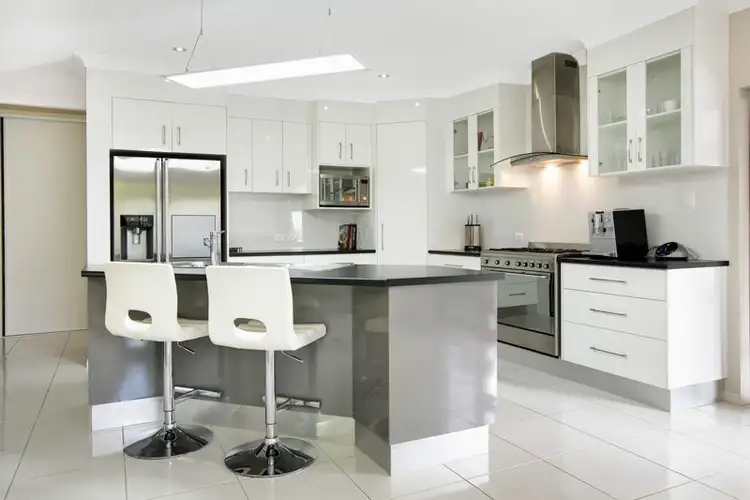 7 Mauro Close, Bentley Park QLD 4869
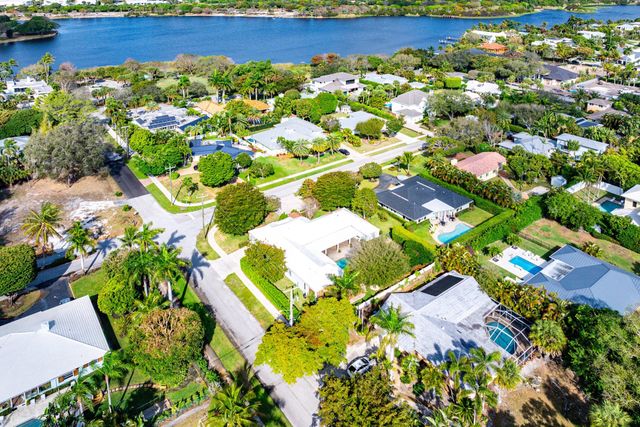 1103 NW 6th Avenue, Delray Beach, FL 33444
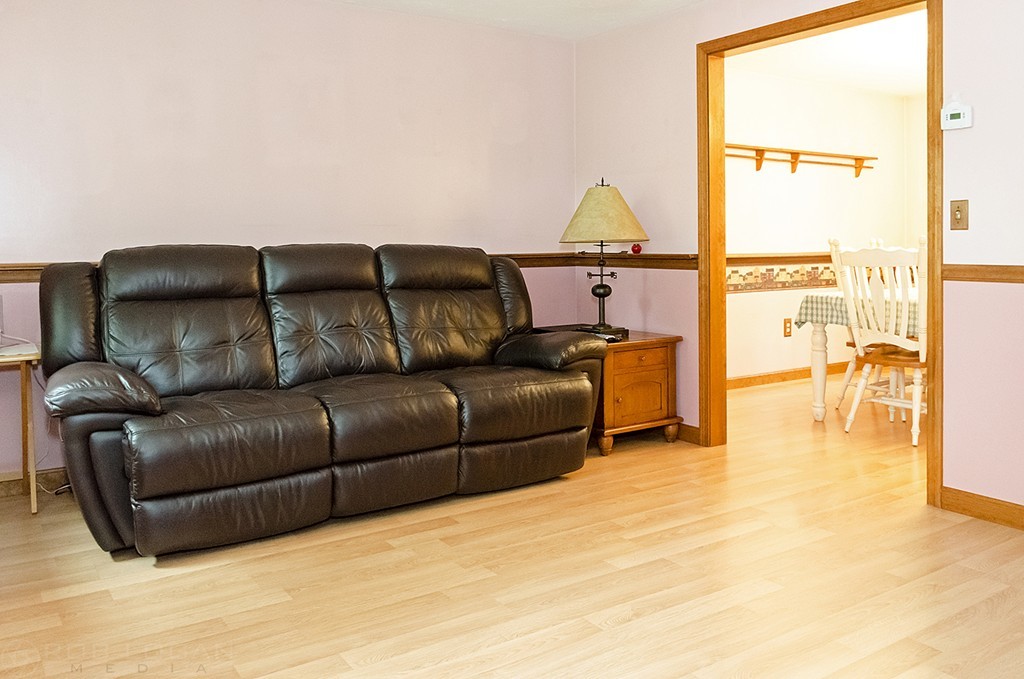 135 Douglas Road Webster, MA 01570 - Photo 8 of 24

+ + +

- Task brief
In the printed copy, the material above must appear unchanged and without its pictures.

- Answer space
 7 Mauro Close, Bentley Park QLD 4869
 1103 NW 6th Avenue, Delray Beach, FL 33444
 135 Douglas Road Webster, MA 01570 - Photo 8 of 24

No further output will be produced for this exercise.